2022/11/10

ドイツサッカー連盟元会長「あれはカタールやFIFAへの屈服」

©️IMAGO/Eibner

 ラインハルト・グリンデル前ドイツサッカー連盟会長は、カタールで命を落とした出稼ぎ労働者の家族への補償基金をもはや信じておらず、kicker(木曜版)のインタビューでナンシー・フェーザー連邦内相への批判を展開している。

 フェーザー大臣は最近、議論の的となっている冬季ワールドカップが間も無く開催される、カタールを訪れて現地の首相や内相との話し合いを実施。そこで改めてワールドカップ観戦に訪れるドイツ人の安全保障を確保しており、とりわけここのところの同性愛者を巡る問題を踏まえればそれは必須事項であったのだろう。さらにフランクフルター・アルゲマイネ紙に対してフェーザー大臣は、「FIFAが出稼ぎ労働者と家族のための補償基金を設立するべき」とも発言していた。

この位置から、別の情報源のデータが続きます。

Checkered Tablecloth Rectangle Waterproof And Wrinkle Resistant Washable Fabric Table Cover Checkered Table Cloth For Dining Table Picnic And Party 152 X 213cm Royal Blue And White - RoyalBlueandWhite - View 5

 だがこの話題はそれ以上の展開をみせることなく、グリンデル氏は驚きを隠せずにいる。「私が得た情報によればジャンニ・インファンティーノFIFA会長は、フェーザー内相との会談で、カタール政府は遺族に十分な補償金を支払っているために、基金設立について明確に否定したのだそうだ。フェーザー内相がこのことを発言しなかったことには苛立ちを覚える」

 そう語ったグリンデル氏は、自身もまた2002年から2016年までCDUにて連邦議会議委員を務めた経験をもつ人物であり、「このテーマはおそらく、これ以上に追求されることはないだろう」と想定。さらに今回のW杯期間中にLGBTQI+コミュニティのシンボルと世界的にみなされレインボーではなく、キャプテン腕章には「One Love」が採用。

 このことについて、グリンデル氏は「ユーロではミュンヘンのアレナがレインボーカラーになっていたことを思えば大きな矛盾だ」とも指摘しつつ、「サッカーには社会的責務があり、この腕章にはほぼ正当性はない。むしろカタールやFIFAへの屈服のように見える」と言葉を続けた。